Earlier, before children, we visited Boston. We were only in town a short time, and I try not to force her into too much beer stuff since she obviously doesn’t and won’t enjoy it, so I limited myself to dinner at the Cambridge Brewing Company and a tour of Sam Adams’ pilot brewery (Harpoon had closed by the time we could have gotten there). At the end of the tour we were all given three samples of beer: Boston Lager, their seasonal at the time (Oktoberfest) and a test beer they had made. (If you’re wondering, I was That Guy and asked why they gave us Boston Lager before the Oktoberfest because didn’t the hops blow out your palate, and the tour guide very kindly did not roll her eyes)

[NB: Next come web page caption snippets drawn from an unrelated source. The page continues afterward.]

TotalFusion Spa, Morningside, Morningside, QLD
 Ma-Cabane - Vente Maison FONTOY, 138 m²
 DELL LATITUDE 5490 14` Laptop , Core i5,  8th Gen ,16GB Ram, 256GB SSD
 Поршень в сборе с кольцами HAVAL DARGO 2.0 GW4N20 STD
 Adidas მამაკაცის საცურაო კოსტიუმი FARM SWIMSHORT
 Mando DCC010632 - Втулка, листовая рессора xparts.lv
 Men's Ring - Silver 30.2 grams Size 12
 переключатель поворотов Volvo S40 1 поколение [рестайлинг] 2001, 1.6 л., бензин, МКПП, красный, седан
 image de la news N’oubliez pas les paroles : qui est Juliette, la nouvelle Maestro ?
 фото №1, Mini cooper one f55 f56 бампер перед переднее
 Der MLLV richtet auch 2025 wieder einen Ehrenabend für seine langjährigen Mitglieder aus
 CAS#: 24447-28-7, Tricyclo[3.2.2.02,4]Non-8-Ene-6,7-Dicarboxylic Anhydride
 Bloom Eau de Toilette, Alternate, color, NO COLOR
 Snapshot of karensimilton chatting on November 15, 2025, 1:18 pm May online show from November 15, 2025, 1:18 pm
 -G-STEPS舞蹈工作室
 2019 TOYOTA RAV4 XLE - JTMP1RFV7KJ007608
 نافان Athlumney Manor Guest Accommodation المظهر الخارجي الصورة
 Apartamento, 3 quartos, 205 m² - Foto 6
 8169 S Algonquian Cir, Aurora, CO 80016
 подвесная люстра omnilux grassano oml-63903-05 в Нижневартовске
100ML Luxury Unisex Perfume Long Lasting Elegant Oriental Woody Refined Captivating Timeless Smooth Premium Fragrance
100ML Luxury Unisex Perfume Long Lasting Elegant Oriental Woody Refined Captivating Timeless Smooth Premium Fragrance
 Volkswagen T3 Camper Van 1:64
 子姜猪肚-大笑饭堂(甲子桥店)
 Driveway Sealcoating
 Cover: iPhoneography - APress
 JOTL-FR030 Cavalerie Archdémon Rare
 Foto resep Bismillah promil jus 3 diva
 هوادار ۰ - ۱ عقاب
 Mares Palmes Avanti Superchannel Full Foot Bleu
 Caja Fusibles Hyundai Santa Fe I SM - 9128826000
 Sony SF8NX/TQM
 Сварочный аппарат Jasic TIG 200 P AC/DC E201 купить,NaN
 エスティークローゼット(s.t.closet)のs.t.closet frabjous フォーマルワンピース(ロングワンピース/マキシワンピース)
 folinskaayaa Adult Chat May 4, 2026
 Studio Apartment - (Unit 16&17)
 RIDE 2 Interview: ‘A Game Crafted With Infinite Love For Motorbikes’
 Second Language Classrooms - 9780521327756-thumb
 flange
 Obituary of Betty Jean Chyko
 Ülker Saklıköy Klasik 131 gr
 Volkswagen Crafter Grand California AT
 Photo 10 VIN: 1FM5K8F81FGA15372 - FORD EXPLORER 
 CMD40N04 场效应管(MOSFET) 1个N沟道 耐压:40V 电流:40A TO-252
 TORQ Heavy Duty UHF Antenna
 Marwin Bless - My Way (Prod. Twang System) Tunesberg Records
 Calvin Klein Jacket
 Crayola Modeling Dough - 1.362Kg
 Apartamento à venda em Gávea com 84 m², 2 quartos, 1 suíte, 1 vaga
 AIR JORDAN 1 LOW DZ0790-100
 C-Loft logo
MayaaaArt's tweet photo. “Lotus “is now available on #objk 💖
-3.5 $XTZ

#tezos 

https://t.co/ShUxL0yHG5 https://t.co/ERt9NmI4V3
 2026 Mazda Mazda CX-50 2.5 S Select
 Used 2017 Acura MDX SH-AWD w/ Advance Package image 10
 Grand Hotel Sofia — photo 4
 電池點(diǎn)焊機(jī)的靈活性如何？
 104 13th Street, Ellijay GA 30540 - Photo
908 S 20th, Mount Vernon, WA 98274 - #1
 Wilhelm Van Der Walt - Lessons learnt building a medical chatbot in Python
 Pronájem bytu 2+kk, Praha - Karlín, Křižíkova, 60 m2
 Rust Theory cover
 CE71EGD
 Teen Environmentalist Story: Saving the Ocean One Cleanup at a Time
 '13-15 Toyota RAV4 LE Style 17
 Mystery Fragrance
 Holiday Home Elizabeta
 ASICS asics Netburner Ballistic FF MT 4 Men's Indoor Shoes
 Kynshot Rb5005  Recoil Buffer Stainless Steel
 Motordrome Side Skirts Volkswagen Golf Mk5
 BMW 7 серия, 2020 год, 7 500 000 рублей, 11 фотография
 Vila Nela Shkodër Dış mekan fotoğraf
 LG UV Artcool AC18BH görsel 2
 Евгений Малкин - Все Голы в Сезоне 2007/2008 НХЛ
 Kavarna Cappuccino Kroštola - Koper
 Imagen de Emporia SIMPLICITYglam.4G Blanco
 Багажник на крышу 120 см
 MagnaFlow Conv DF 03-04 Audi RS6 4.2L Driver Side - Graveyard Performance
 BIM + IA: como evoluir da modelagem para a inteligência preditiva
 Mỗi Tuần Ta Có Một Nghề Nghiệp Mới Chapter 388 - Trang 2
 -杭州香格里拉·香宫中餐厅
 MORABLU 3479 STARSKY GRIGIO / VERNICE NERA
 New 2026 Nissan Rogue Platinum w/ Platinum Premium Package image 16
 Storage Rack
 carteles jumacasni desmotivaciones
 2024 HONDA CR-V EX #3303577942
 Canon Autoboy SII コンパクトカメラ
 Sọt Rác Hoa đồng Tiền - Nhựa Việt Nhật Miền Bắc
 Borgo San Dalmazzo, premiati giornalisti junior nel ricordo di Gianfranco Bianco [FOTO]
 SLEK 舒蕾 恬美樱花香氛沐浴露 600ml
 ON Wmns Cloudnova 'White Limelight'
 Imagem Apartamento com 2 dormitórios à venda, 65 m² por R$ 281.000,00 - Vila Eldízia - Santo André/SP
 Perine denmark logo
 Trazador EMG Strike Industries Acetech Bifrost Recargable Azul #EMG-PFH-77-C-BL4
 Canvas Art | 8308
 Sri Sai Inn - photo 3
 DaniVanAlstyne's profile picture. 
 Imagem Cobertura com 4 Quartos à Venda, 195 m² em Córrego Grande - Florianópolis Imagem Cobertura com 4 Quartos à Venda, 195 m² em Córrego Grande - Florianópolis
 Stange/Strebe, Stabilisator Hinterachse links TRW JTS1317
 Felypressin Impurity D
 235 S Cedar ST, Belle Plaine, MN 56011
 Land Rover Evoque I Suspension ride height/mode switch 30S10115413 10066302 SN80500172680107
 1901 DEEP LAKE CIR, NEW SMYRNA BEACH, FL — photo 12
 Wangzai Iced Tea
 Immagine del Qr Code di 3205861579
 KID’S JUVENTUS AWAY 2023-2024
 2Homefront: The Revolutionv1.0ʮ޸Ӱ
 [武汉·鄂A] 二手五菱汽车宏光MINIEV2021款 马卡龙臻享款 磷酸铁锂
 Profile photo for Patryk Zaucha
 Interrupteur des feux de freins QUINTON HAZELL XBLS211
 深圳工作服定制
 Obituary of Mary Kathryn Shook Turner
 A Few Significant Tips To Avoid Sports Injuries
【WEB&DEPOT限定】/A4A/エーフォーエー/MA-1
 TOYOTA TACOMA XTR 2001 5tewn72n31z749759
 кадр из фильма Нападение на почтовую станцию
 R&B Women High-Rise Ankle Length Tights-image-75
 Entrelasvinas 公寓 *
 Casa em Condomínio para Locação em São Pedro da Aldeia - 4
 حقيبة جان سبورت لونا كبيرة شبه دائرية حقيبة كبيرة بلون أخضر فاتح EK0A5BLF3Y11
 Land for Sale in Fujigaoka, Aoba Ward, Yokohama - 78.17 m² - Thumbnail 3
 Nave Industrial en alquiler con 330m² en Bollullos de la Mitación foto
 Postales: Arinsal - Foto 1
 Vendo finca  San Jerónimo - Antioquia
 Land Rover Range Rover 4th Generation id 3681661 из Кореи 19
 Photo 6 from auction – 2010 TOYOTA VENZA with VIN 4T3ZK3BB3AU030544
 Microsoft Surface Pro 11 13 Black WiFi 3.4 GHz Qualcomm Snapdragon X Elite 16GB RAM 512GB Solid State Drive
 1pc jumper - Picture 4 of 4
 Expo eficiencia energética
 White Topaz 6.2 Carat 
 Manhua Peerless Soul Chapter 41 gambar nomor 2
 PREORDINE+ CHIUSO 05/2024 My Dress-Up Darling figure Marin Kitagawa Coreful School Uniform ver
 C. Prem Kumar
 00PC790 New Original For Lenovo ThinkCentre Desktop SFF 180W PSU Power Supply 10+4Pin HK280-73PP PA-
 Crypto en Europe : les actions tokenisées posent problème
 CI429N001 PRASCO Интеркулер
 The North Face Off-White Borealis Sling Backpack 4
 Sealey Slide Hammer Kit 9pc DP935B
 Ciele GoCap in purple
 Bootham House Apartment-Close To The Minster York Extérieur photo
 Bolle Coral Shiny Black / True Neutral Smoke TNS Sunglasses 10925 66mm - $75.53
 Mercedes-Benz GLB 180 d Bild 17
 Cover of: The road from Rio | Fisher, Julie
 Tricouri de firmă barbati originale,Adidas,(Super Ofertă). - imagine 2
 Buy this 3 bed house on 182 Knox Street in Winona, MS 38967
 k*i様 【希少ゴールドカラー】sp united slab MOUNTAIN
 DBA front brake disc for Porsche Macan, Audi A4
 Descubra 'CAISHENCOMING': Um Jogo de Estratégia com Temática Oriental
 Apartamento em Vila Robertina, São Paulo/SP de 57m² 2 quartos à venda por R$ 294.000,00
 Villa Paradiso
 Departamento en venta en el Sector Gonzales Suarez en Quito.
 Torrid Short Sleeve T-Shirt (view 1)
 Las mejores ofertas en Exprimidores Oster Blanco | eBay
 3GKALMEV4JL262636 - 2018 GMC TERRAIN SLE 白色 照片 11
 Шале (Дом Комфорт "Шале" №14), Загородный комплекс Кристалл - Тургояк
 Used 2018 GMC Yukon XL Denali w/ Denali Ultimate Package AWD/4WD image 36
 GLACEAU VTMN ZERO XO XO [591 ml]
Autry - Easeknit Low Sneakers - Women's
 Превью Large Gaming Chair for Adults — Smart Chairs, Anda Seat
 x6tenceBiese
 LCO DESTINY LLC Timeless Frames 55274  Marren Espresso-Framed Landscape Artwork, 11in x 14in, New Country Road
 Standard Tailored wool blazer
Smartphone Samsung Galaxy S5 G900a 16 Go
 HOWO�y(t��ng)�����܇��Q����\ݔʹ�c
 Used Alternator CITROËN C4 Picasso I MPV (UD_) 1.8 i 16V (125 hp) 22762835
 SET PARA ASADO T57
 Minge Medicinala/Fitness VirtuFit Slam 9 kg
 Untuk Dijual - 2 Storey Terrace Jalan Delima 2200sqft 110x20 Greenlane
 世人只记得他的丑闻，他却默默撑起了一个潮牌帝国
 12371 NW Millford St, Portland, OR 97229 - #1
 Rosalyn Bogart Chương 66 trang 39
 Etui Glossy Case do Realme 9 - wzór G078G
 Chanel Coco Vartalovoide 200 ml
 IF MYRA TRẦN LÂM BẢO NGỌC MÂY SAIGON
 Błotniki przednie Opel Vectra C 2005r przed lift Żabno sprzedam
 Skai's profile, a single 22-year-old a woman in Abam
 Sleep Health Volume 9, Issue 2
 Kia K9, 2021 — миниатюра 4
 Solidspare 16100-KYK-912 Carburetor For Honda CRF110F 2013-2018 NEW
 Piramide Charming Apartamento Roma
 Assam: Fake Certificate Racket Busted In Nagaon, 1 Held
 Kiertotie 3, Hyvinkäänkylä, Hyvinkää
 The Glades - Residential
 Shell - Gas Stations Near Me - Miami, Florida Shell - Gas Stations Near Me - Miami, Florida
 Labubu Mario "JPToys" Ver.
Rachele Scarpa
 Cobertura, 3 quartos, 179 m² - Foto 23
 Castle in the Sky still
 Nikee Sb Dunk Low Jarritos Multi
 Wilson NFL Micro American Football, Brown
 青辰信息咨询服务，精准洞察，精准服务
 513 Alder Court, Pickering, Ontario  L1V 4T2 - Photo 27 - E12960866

Our test batch was a red ale heavily hopped with pacific northwest hops. “Oh!” my wife said. “Uhhhgh!” She looked around for water, but there wasn’t any. Resinous pine was coating her tongue just as it was mine, except she didn’t think it was a good thing. Henceforth, PNW hops (and cascade in particular) have been designated as tasting like earwax, and she will have none of any of it.

And yet, love goes on

It still might seem very strange to people that something I devote so much time, energy and money to is not only not shared but actively disliked by my wife. To them, I say two things:

You don’t have to like the same things. If you share no interests then you’ll have a bad time of things, of course, but honestly? I kind of like having something that’s just mine. That I can go off and do by myself, and not have to deal with anyone else if I don’t want to. Solitude, and independence, are nice.

You don’t have to like everything. My wife has given me a valuable perspective on beer: sometimes a beer, or even all beer, is not for you. That doesn’t mean you’re wrong or have bad taste, it simply means you see things differently. I’ve become a big component of “let people like what they like and don’t be a jerk about it” (if you needed my official stance on “craft vs crafty”), and if the two of us were planning trips to Three Floyds and Russian River then that might be harder to understand. I appreciate the perspective.

In the end, love is blind. It also has no inherent love of hops, apparently.